Stored items from a collection →
<<<<

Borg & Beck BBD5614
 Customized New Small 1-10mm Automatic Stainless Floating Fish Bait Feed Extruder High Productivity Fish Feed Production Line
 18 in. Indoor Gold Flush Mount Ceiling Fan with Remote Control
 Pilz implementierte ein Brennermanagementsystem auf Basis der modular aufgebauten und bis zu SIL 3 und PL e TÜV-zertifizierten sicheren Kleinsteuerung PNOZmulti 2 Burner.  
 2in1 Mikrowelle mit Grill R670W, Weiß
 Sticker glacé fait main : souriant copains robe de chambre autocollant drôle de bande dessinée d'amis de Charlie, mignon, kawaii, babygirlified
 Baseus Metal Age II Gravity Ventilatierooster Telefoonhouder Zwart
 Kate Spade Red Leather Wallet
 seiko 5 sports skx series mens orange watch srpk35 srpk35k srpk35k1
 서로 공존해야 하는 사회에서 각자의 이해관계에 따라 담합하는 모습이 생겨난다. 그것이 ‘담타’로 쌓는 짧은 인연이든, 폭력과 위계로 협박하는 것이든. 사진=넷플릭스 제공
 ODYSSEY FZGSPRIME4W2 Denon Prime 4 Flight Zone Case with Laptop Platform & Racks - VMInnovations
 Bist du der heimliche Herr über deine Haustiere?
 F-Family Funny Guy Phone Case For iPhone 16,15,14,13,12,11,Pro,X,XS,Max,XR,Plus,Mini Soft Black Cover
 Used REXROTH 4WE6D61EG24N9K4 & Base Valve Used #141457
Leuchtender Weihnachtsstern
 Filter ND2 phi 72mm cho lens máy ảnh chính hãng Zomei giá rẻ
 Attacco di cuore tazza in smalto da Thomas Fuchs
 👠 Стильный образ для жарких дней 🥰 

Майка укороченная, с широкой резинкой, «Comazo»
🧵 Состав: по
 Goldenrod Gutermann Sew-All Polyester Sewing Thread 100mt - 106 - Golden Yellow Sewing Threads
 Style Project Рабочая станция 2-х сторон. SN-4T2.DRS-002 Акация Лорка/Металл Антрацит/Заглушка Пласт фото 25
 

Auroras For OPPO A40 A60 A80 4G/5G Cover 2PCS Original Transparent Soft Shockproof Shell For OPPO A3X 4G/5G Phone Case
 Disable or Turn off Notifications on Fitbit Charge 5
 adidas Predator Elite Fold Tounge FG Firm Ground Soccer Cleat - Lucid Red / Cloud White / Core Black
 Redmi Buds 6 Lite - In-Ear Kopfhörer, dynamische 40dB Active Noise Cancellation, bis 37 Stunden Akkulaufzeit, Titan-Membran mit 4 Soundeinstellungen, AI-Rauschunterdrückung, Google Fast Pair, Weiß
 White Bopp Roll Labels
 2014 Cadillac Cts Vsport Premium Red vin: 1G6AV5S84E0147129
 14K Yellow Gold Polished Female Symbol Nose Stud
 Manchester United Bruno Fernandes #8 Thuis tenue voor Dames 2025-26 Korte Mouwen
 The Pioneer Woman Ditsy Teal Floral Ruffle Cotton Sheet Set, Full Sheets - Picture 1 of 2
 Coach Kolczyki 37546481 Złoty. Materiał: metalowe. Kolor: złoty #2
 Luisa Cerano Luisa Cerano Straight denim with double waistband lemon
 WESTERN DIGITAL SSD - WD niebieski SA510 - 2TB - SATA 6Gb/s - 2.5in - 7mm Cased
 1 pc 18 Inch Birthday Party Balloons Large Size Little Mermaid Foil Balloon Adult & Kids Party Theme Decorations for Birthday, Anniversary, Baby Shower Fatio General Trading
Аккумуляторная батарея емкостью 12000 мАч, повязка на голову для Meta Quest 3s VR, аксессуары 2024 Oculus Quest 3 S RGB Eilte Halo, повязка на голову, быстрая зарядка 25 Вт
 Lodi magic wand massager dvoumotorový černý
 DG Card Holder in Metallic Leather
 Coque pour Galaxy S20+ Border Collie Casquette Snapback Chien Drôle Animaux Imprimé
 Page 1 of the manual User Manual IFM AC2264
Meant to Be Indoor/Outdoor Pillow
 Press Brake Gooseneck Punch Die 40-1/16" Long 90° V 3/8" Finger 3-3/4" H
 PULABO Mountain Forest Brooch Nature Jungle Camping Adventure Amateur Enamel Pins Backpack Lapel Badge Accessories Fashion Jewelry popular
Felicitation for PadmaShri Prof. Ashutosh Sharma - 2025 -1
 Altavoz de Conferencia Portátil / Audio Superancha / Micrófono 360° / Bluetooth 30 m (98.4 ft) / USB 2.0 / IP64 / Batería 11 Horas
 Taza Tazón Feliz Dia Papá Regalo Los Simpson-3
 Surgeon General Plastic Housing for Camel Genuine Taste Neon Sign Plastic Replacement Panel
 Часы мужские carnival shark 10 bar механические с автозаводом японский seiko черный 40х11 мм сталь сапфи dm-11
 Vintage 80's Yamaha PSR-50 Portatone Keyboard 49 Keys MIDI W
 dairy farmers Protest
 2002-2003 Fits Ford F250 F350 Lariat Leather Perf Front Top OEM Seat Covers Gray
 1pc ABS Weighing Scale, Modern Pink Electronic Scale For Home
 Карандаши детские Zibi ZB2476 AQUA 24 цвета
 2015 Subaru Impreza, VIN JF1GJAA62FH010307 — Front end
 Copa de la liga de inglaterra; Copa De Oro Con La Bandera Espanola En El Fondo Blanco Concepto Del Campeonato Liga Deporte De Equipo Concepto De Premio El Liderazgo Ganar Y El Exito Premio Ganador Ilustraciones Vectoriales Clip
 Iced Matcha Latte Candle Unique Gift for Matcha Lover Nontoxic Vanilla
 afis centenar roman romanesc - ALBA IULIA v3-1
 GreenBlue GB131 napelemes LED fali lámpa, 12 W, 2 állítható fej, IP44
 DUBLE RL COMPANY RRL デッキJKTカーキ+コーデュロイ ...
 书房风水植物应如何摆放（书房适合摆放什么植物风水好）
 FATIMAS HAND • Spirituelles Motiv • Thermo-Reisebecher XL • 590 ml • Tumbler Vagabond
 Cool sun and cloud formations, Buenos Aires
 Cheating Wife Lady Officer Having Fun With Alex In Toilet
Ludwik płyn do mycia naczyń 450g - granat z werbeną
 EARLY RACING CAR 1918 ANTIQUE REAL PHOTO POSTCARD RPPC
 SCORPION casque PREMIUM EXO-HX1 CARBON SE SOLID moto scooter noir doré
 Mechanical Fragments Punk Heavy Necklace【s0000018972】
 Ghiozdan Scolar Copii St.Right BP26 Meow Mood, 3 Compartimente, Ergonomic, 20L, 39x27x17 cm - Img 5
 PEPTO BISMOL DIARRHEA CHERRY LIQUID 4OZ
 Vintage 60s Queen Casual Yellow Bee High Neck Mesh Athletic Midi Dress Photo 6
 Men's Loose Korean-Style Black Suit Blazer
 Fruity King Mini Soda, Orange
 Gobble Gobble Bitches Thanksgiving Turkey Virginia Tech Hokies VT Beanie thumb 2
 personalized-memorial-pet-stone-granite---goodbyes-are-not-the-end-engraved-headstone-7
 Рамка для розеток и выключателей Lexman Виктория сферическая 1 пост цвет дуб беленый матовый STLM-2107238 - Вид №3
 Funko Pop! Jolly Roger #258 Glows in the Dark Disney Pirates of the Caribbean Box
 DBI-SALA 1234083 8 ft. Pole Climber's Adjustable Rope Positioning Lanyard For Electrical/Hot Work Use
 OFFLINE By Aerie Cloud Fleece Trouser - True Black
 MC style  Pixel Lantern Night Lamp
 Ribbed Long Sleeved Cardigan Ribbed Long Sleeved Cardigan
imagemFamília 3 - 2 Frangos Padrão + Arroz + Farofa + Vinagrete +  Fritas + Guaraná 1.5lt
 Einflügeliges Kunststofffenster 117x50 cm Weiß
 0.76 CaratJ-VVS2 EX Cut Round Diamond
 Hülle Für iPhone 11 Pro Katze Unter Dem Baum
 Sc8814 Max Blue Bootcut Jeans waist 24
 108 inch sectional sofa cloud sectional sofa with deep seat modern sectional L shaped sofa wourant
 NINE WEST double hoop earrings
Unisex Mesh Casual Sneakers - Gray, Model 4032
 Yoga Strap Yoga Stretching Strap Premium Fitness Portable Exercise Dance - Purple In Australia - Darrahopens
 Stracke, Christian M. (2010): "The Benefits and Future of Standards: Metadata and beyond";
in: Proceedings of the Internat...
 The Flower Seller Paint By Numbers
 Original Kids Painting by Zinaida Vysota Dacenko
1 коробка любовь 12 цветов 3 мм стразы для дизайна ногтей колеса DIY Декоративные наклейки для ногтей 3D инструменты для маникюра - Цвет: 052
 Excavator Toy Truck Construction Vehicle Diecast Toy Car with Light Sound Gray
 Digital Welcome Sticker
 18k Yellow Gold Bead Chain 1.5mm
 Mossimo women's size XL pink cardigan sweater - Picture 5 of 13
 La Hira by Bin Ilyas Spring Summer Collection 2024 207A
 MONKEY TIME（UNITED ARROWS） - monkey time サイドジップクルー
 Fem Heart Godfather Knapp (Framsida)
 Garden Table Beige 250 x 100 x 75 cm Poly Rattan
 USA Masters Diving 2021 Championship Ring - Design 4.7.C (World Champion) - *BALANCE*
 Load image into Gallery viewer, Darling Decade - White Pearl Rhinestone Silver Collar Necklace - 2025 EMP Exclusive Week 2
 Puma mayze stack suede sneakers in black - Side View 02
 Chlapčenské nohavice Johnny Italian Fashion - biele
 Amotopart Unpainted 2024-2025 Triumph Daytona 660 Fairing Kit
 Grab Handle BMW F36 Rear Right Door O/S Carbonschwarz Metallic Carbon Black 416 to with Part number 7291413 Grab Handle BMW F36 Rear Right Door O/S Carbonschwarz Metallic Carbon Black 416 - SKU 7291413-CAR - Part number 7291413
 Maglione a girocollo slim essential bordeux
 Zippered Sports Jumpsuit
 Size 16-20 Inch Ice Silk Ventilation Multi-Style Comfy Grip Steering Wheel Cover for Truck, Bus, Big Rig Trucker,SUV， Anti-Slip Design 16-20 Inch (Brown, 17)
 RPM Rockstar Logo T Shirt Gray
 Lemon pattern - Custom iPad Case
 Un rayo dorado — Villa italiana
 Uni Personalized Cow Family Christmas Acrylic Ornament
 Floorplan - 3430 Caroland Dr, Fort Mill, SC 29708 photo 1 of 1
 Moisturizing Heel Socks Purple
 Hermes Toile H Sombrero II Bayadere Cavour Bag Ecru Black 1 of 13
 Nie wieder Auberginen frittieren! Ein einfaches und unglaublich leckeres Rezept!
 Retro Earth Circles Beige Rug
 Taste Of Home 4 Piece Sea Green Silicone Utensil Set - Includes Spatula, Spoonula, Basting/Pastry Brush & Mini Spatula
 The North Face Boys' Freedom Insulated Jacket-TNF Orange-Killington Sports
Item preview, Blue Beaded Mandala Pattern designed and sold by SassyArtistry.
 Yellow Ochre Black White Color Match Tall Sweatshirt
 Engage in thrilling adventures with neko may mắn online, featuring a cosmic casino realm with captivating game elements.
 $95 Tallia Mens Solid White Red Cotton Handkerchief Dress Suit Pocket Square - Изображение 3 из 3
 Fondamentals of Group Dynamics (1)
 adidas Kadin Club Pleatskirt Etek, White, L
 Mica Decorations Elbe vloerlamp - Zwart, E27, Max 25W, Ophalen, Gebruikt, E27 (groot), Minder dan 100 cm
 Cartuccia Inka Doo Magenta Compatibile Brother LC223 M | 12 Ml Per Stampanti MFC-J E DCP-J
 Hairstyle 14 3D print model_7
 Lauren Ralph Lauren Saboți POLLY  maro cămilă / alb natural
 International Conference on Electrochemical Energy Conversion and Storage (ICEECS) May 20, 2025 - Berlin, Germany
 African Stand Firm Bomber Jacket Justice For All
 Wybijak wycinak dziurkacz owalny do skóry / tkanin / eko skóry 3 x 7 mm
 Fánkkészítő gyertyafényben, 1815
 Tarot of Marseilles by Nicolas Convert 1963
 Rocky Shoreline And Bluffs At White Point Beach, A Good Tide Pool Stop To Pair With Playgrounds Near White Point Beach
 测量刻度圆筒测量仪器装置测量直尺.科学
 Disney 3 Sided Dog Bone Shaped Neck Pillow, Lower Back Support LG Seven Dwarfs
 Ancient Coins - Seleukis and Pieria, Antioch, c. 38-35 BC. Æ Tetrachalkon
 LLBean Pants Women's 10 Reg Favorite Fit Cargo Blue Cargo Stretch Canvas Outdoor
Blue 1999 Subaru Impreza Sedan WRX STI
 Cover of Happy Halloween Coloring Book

>>>>

Work instructions → Find every line in the records above that holds the word "Truck", and copy each one.

Answer to this problem →
 Excavator Toy Truck Construction Vehicle Diecast Toy Car with Light Sound Gray
 Size 16-20 Inch Ice Silk Ventilation Multi-Style Comfy Grip Steering Wheel Cover for Truck, Bus, Big Rig Trucker,SUV， Anti-Slip Design 16-20 Inch (Brown, 17)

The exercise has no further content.